(Activity): Identify, in the records below, every line where the string "Petrol" appears, and copy each such line.

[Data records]
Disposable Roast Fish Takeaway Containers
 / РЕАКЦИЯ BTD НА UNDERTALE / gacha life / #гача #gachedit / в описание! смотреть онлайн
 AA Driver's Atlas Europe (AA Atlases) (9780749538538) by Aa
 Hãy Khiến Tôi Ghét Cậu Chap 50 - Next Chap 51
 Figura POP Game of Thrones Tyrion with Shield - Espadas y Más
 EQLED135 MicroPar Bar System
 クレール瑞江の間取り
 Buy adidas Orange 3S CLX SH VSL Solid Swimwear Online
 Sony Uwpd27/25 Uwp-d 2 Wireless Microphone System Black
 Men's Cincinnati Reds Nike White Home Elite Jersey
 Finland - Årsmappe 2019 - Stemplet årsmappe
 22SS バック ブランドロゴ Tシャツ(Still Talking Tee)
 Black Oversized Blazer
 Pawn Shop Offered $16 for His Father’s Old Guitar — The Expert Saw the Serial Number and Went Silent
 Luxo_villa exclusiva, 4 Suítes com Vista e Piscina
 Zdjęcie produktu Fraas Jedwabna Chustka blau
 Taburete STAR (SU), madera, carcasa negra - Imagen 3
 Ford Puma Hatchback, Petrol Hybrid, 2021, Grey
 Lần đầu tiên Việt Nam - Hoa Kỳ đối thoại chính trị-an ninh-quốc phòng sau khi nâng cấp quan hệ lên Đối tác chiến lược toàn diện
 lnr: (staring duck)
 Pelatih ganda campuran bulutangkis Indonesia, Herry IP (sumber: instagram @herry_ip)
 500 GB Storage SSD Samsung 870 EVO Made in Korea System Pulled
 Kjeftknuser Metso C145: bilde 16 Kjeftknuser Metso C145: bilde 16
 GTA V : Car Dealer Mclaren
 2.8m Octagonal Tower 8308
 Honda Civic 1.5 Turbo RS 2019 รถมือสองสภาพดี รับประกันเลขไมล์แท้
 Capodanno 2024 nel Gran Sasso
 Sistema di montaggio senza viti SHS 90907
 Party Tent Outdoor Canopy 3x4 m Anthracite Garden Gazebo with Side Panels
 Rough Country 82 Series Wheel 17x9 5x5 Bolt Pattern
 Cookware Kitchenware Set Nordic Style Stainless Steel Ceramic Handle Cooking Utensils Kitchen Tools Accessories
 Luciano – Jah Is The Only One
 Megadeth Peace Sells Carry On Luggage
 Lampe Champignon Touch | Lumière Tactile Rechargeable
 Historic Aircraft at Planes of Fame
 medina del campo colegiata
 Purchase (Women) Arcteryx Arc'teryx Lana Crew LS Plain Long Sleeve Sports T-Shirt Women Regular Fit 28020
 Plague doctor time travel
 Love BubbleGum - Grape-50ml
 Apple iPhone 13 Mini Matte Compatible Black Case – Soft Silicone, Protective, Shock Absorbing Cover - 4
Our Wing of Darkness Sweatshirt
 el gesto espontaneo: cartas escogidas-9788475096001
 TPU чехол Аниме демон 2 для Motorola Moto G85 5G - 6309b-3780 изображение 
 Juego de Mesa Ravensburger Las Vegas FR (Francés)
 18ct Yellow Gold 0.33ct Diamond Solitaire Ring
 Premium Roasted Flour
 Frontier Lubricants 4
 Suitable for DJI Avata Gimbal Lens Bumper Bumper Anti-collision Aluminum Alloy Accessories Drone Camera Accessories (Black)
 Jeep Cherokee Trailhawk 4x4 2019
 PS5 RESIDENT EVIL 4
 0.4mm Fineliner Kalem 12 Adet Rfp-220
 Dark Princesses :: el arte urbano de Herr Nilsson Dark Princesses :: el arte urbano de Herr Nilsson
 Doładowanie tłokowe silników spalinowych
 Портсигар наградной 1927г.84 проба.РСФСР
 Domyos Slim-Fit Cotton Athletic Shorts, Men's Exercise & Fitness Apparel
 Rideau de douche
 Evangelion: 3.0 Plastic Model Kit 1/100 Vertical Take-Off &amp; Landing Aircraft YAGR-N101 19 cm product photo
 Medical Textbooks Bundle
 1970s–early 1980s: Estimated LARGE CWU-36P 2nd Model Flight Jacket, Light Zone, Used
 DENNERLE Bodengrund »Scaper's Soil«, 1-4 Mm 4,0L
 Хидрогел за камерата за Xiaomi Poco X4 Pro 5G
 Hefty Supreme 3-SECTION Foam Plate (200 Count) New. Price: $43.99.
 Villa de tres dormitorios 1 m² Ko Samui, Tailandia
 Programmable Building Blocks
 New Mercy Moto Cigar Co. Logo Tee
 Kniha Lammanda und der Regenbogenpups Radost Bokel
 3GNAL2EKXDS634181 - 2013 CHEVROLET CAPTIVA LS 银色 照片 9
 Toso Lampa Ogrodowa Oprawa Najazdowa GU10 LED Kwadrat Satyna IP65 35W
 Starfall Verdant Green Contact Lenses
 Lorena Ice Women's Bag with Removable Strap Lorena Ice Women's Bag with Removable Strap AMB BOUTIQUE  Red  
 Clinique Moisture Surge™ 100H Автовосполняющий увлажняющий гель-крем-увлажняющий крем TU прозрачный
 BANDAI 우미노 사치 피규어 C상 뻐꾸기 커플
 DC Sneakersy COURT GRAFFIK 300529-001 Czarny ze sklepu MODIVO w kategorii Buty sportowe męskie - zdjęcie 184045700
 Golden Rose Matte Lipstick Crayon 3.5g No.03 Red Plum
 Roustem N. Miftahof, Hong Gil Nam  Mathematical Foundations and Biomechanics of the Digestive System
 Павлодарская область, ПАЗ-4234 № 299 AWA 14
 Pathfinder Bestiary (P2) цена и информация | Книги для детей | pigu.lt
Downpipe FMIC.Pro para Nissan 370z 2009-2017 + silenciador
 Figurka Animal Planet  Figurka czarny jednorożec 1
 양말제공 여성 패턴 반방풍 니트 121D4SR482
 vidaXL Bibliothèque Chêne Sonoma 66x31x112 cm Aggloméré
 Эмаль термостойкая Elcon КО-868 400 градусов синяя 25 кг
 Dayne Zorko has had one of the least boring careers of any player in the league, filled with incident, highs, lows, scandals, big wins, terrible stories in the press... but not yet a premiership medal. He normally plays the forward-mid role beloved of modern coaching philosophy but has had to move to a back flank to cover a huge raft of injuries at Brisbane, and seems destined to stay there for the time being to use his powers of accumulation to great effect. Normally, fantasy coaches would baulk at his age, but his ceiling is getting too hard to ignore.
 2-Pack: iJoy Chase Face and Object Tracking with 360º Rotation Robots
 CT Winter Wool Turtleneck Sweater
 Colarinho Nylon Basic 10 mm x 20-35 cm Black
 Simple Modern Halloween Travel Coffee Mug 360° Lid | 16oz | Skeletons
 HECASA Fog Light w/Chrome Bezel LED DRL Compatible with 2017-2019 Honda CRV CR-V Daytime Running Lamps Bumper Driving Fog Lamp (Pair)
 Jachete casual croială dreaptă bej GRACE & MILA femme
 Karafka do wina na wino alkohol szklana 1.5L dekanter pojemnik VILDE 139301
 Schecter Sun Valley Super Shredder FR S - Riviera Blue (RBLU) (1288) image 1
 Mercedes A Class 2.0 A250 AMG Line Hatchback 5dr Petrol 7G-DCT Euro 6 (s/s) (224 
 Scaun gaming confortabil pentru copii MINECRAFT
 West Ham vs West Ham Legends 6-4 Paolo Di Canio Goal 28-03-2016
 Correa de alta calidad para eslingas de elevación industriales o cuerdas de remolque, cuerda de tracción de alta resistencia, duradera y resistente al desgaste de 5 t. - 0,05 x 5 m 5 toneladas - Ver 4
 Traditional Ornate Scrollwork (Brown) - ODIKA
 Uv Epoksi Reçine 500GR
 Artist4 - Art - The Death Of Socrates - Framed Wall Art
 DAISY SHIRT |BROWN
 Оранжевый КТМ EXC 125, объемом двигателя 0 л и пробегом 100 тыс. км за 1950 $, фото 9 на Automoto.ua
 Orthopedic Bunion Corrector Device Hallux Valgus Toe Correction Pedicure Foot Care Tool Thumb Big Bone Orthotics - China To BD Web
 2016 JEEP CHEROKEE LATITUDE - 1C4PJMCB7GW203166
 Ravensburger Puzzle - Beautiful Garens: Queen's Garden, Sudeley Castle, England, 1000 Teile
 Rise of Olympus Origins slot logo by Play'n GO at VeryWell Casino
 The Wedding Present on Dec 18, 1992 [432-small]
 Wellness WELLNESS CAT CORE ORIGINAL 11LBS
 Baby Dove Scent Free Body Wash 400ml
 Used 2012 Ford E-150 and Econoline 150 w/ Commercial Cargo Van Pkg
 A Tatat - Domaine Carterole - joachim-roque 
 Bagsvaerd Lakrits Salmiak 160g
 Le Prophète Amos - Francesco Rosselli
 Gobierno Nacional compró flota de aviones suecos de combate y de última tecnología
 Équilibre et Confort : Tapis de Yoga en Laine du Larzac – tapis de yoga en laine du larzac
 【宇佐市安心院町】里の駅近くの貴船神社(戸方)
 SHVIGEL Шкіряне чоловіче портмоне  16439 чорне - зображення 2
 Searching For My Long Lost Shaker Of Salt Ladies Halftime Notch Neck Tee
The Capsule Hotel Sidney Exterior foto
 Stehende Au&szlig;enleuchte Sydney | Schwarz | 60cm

(Answer box):
 Ford Puma Hatchback, Petrol Hybrid, 2021, Grey
 Mercedes A Class 2.0 A250 AMG Line Hatchback 5dr Petrol 7G-DCT Euro 6 (s/s) (224 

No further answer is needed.